The Power Plant Fundamentals School instructs new NGS employee candidates in every phase of the power plant's technical operation, procedures, history and safety. The curriculum of the seven-week long school is equivalent to a two-year, 21-credit college course.
Nicknamed the "Do or Die School," only successful completion qualifies a student for a regular, full-time position.
Asked why he would undertake such an effort for a job, Pepper Morgan, 33, of Window Rock, said his boy was his inspiration.
"I did it for my 10-year-old son, to give him a better life, provide him with more opportunities than I had," Morgan said. "I'm excited to start a new career and just raring to get to work."
The school is selective to get into and difficult to complete. Only about half who are interviewed are invited to participate. Then, only about half who begin successfully finish. Course work involves 10 hours a day of classroom lecture and fieldwork followed by at least two hours per night of additional study.
The course outline alone is 50 pages long.
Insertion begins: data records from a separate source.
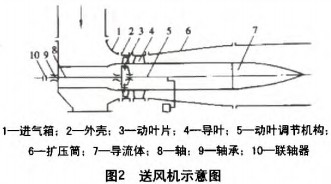 風機示意圖 風機示意圖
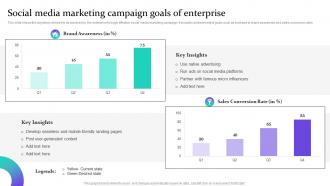 Social Media Marketing Campaign Goals Of Enterprise Data Driven Marketing For Increasing Customer MKT SS V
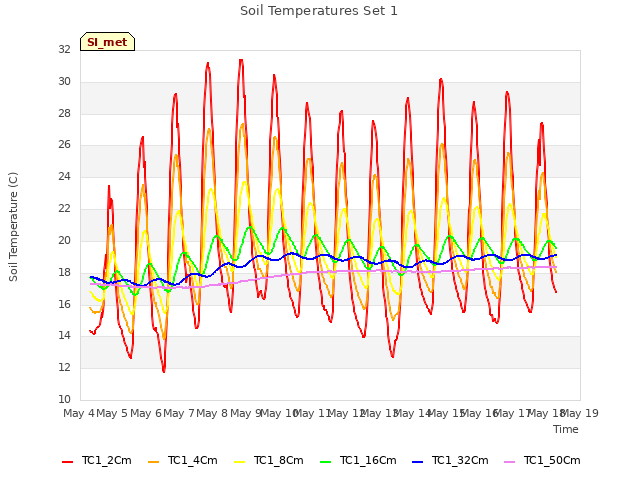 plot of Soil Temperatures Set 1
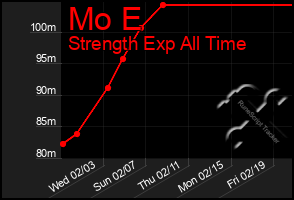 Total Graph of Mo E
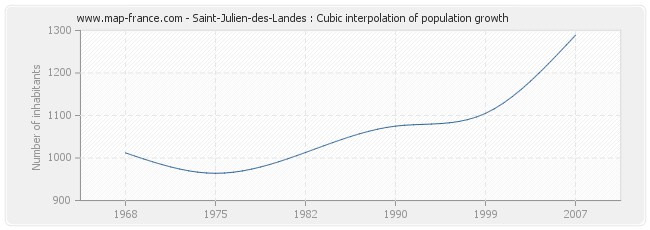 Saint-Julien-des-Landes : Cubic interpolation of population growth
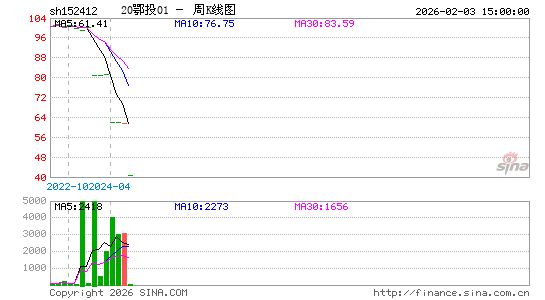 ������K��ͼ��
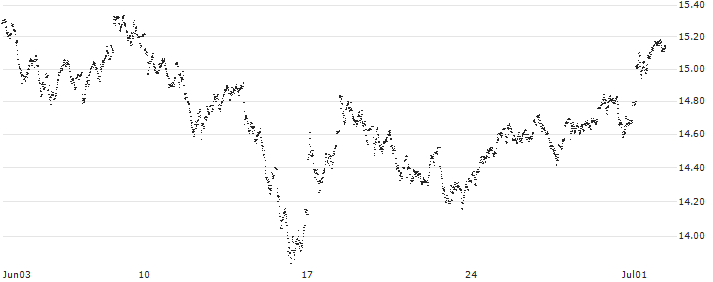 MINI FUTURE LONG - ING GROEP(9346N) : Historical Chart (5-day)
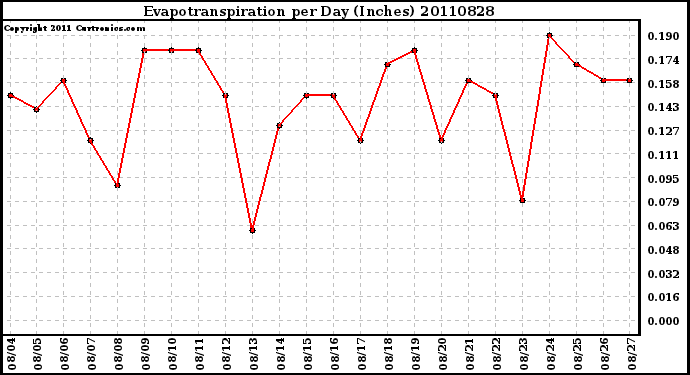 Milwaukee Weather Evapotranspiration per Day (Inches)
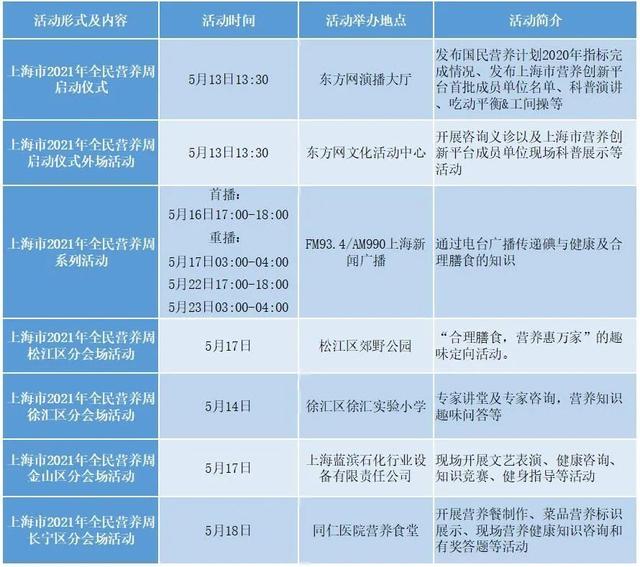 营养|2021年全民营养周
It includes sections on every aspect of the power plant's parts, equipment, procedures and operations; from electron theory to the railroad that delivers coal, from physics to the properties of superheated steam, from the Federal Reclamation Act of 1902 to the history of why NGS was built where it is on the Navajo Nation.
With federal concerns about power plant emissions, students learn how NGS's pollution controls, such as its electrostatic precipitators, remove 99.5 percent of particulate matter, or "fly ash," from the coal that's burned, flue gas desulfurization systems - known as "scrubbers" - remove 95 percent of the sulfur dioxide, and the plant's new $45 million low-NOx burners reduce nitrogen oxide by 40 percent.
NGS conducts the Fundamentals School about twice a year. New courses are advertised throughout the Navajo Nation, Phoenix and Flagstaff.
The youngest member of the class, Myron Deel, 20, of Kaibeto, said that's where he heard about it.
"I read about it in the newspaper, the Navajo Times, and my parents told me I should give it a shot," he said.
At their recent graduation dinner, each of the students commented on the course's difficulty and the pressure they felt within themselves to succeed.
"It was intense for me, personally," said Wilson Laughter, 45, of Naschitti, N.M. "It was stressful because I have a family back home. But I'm looking forward to starting a new career. I worked for Navajo EPA for 13 years. Just like (course instructor) Tom Hull said, I want a little piece of the American dream for me and my family."
NGS Plant Manager Robert Talbot told the graduates that if they focused on working safely throughout their first year on the job, they would probably work safely throughout their careers. Salt River Project, which manages NGS, has developed a culture of safety from the newest worker to the company president.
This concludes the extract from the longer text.